Waders put in a better showing than in October, particularly Lapwing with records on nine days with a peak count of nine going south on the 9th. Four Dunlin flew round Lockwood before going east on the 28th while the second Woodcock of the year was seen by PR & TR on the 5th. What may be the same wintering Common Sandpiper returned to No 5 on the 2nd, just one day later than last year. Green Sandpipers were also more regularly seen with singles on the 20th, 27th & 29th with two on the 28th.
The second Kittiwake of the year was sadly an injured adult pic @Callahanbirder
After DC found the first Kittiwake for three years last month, he amazingly found a second - this time an adult - on the 5th on the side of Lockwood. Sadly it was not in a good state with a smashed bill and, though taken into care, died overnight. The only other gull of note was a Yellow-legged on the 27th with a couple of other probables during the month. Buzzards were seen over the Wetlands on the 4th & 5th but what was more unusual was the one that landed, to the consternation of the local crows, on the No 3 island on the 8th.
Coal Tit continued their long-anticipated move from rarity to scarcity status with another on the 4th. Only one Skylark was recorded last November but this year they were seen on at least four days with 12 over on the 5th and six on the 7th. There was a late Blackcap on the 1st but the star warbler was very much the Yellow-browed which DC - who is on a very good run - re-found and finally saw on the 19th and again on the 27th before it settled down from the 29th into December in the willows along the Lea.
A few Fieldfare enjoyed the berry bushes at the Wetlands this month pic @sjnewton
Redwing were scarce this month with four on the 8th the highest count but Fieldfare, in the reverse of October, were commoner with a maximum daily total of 42 over on the 5th and small numbers feeding at the Wetlands itself. The 5th & 7th saw seven Stonechats again recorded with three still being seen towards the end of the month. There was a better showing from Meadow Pipits than in recent years with birds both passing over and feeding at the Wetlands in small numbers.
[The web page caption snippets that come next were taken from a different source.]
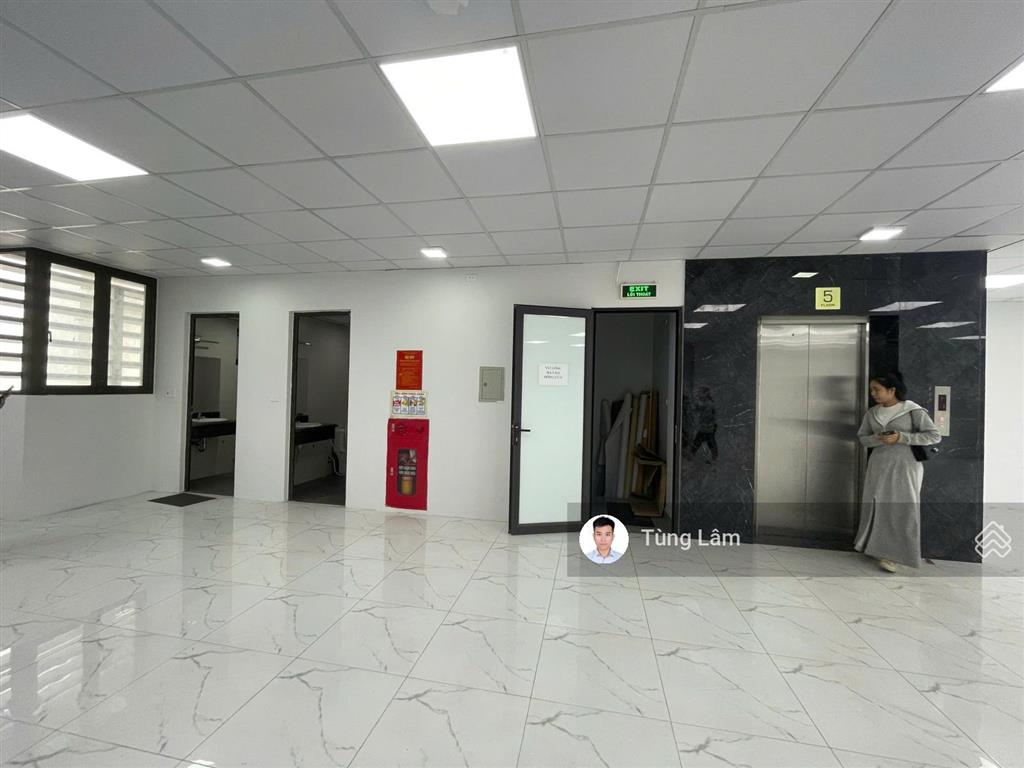 Cho thuê 170m2 văn phòng trung kính to, chỉ 23tr/tháng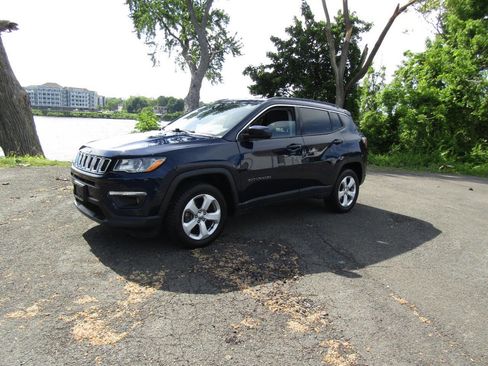 Used 2021 Jeep Compass Latitude AWD/4WD image 29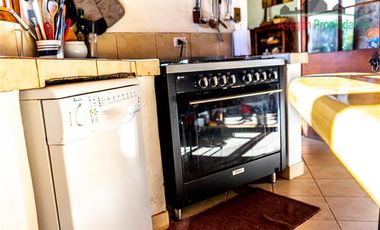 Casa en Venta en Parcela con hermosa casa en venta en sector Chamonate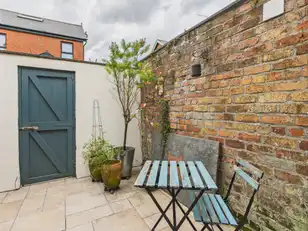47 Haypark AvenueImage 16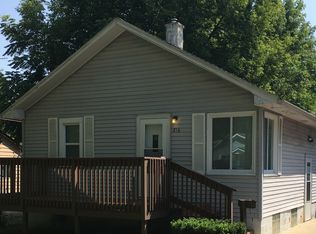 216 SW Circle Dr, Joliet, IL 60433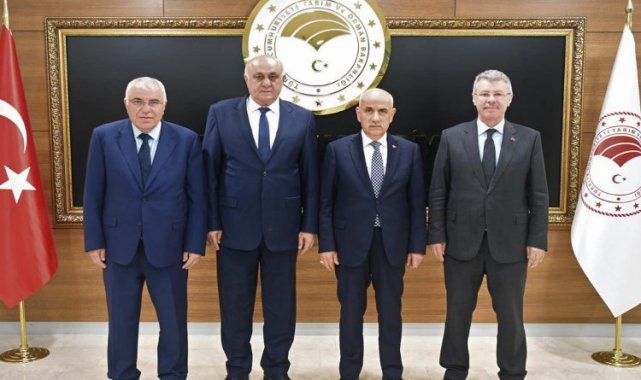 Kayserili pancarcılardan Vahit Kirişçi'ye ziyaret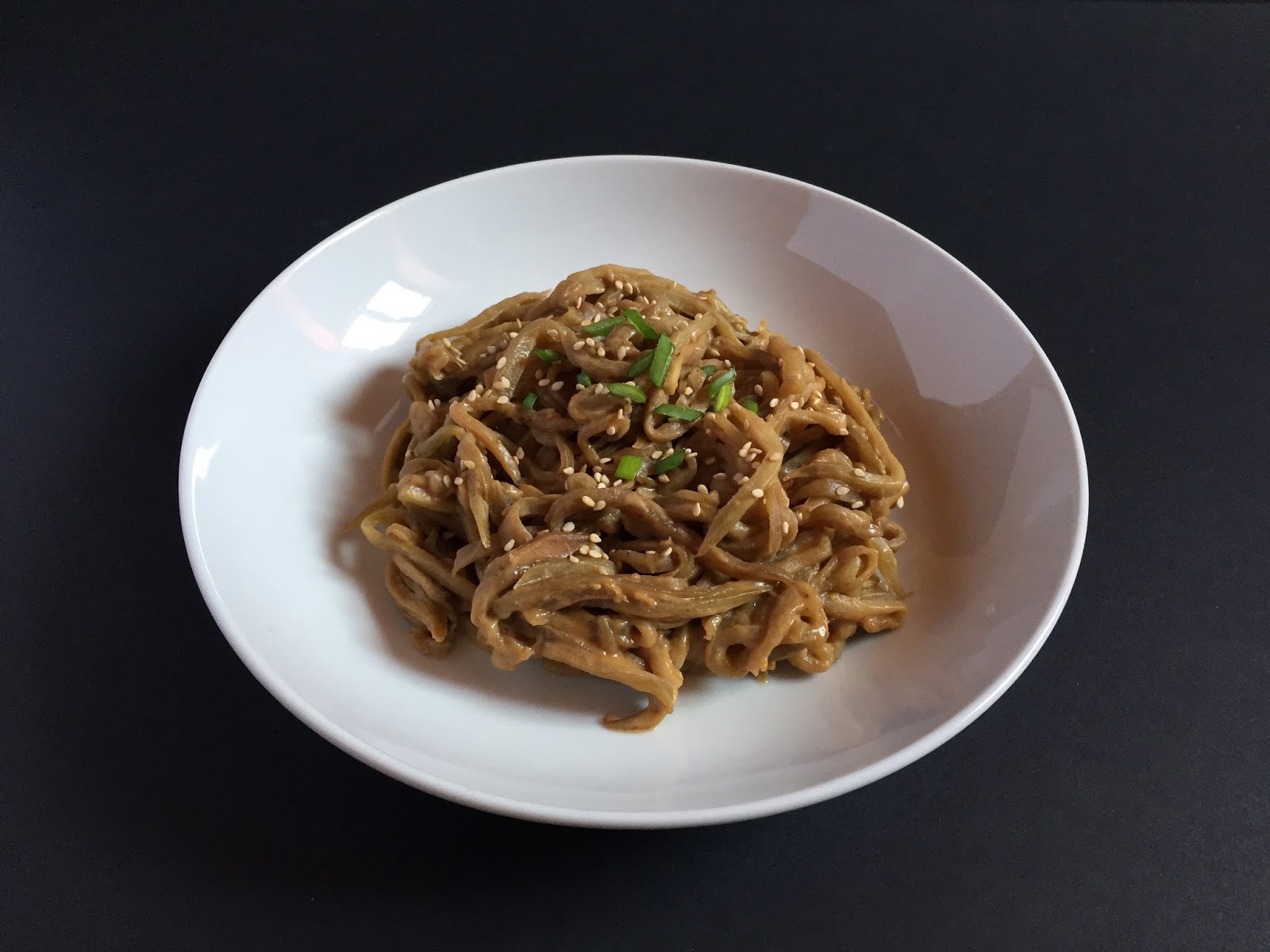Inglourious Bananas Eggplant Noodles with Peanut Sauce // Noodles di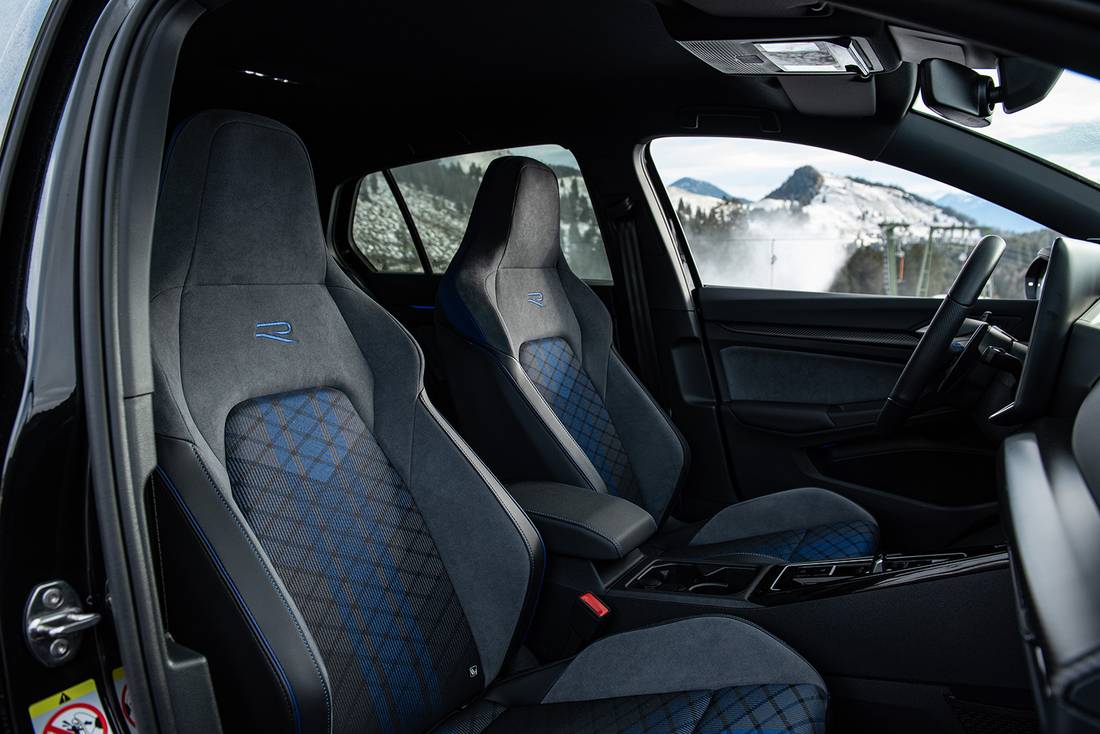 vw-golf-r-8-5-2024-sitze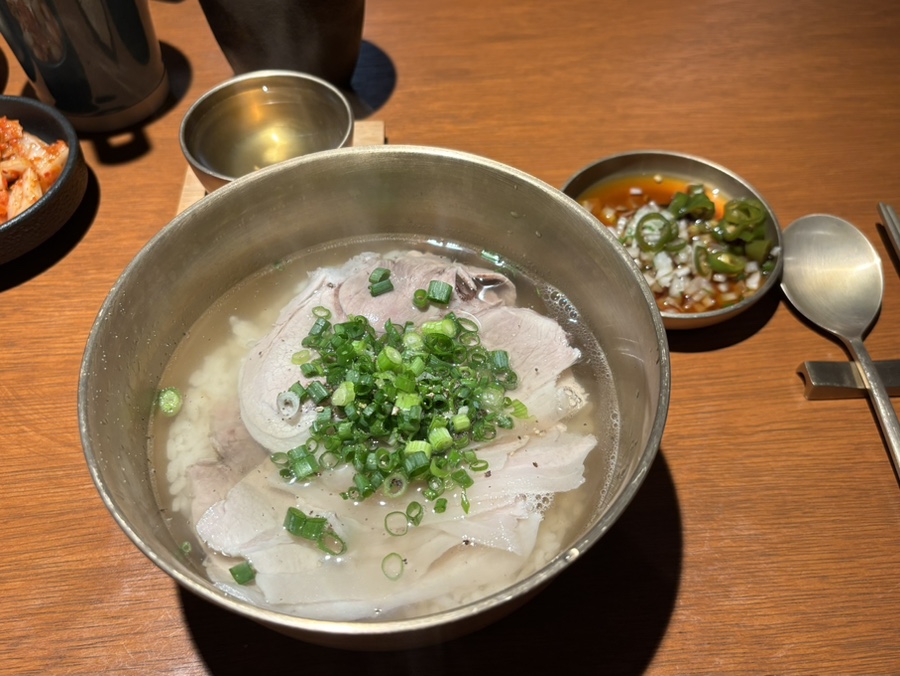 홍연재 사진 1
There were two more records of Black Redstart - a bird which often turns up only once a year - with TR finding one around High Maynard on the 11th and another on the main path south of the Engine House on the 23rd. It has also been a good autumn for Rock Pipit with another, perhaps the fourth, seen by LB on the 3rd while Siskins kept up their excellent showing with singles on the 1st & 5th and two on the 7th.